Requirement
Every line of the listing should be retyped exactly, but none of the pictures should be.

The data
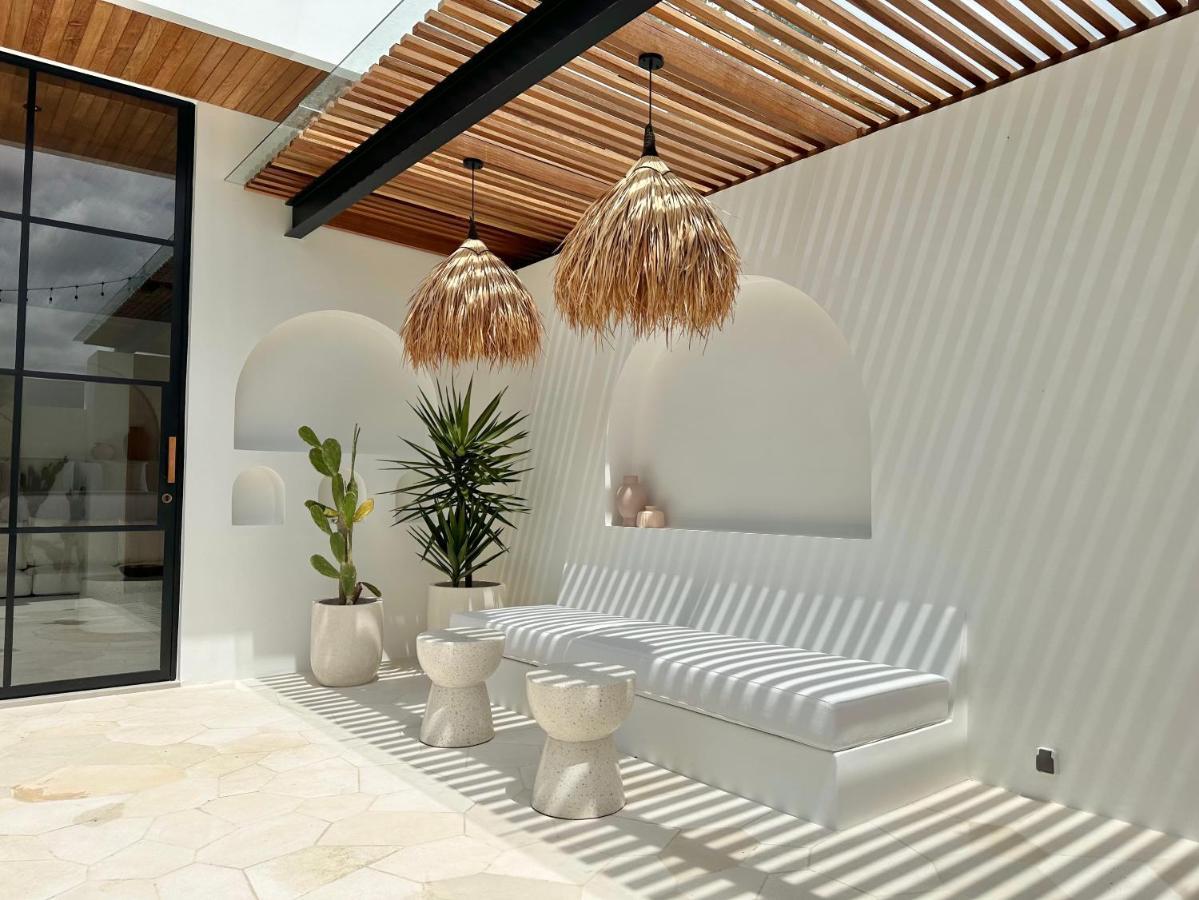 The Suites By The Young Villas Uluwatu Exterior foto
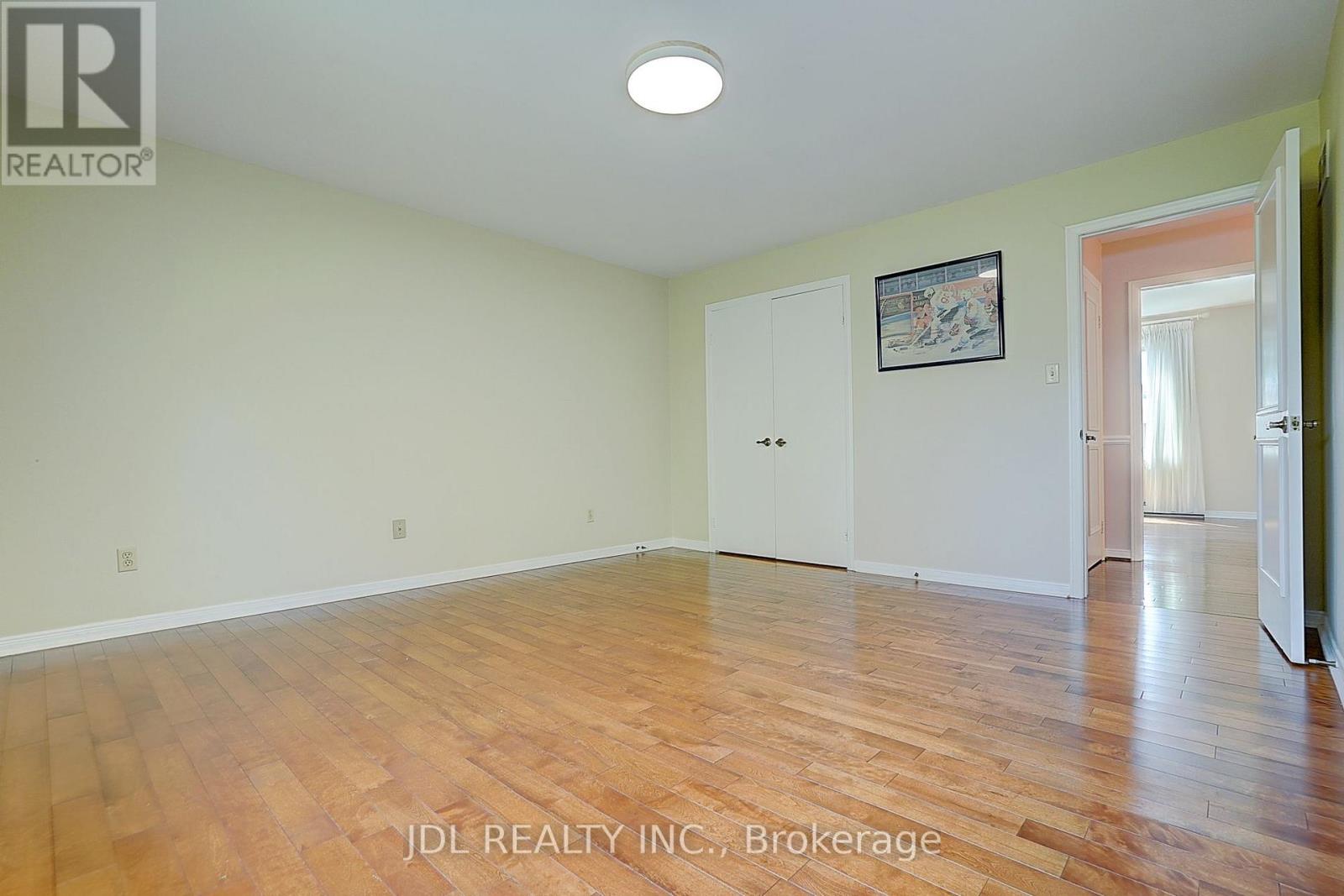 20 MOSSGROVE TRAIL - 43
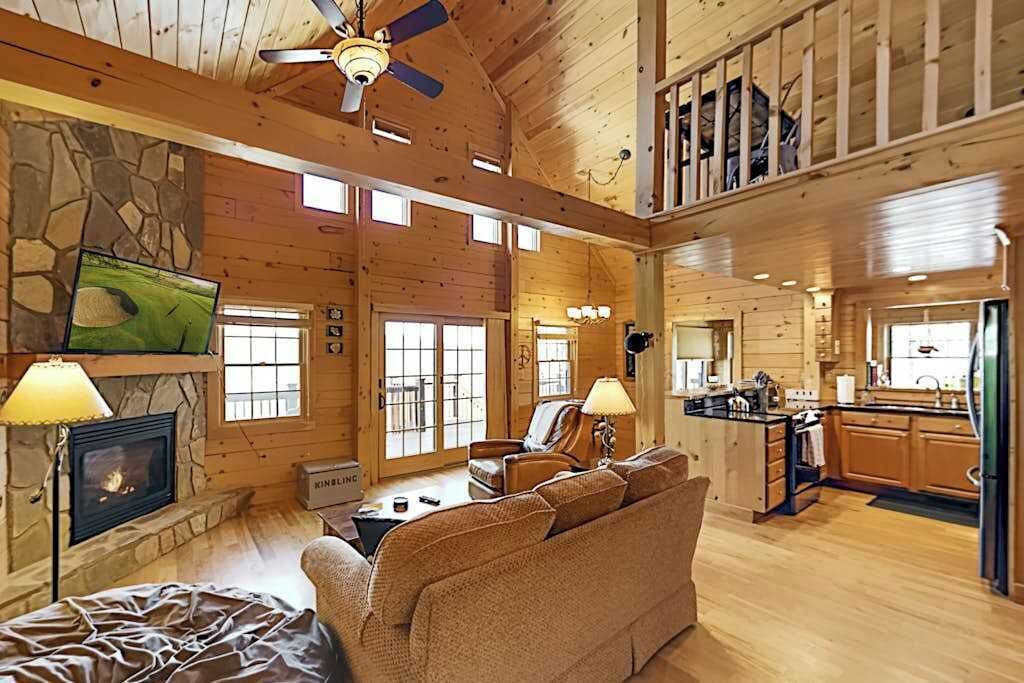 Photo of Livingroom in Old Fort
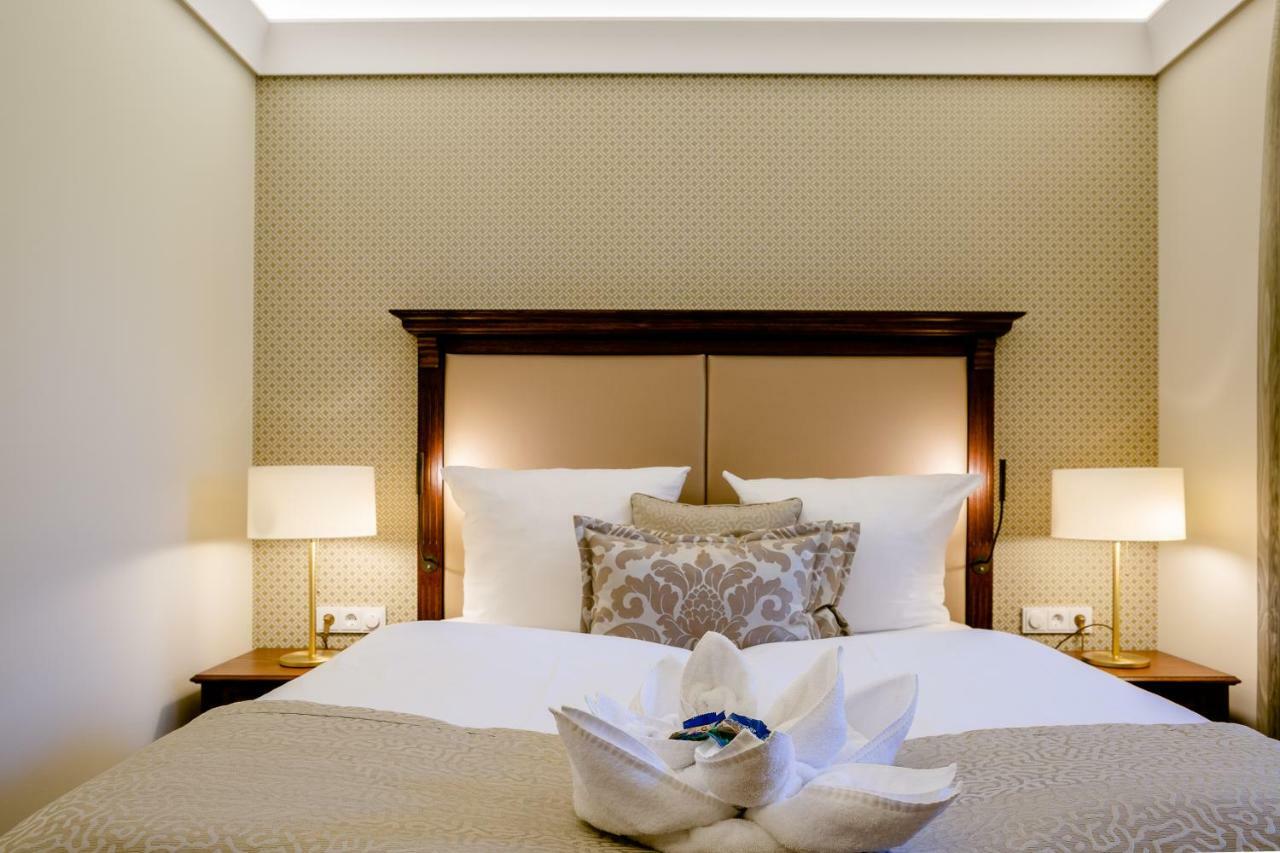 Hotel Villa Altenburg Pößneck 外观 照片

Result of the task
 The Suites By The Young Villas Uluwatu Exterior foto
 20 MOSSGROVE TRAIL - 43
 Photo of Livingroom in Old Fort
 Hotel Villa Altenburg Pößneck 外观 照片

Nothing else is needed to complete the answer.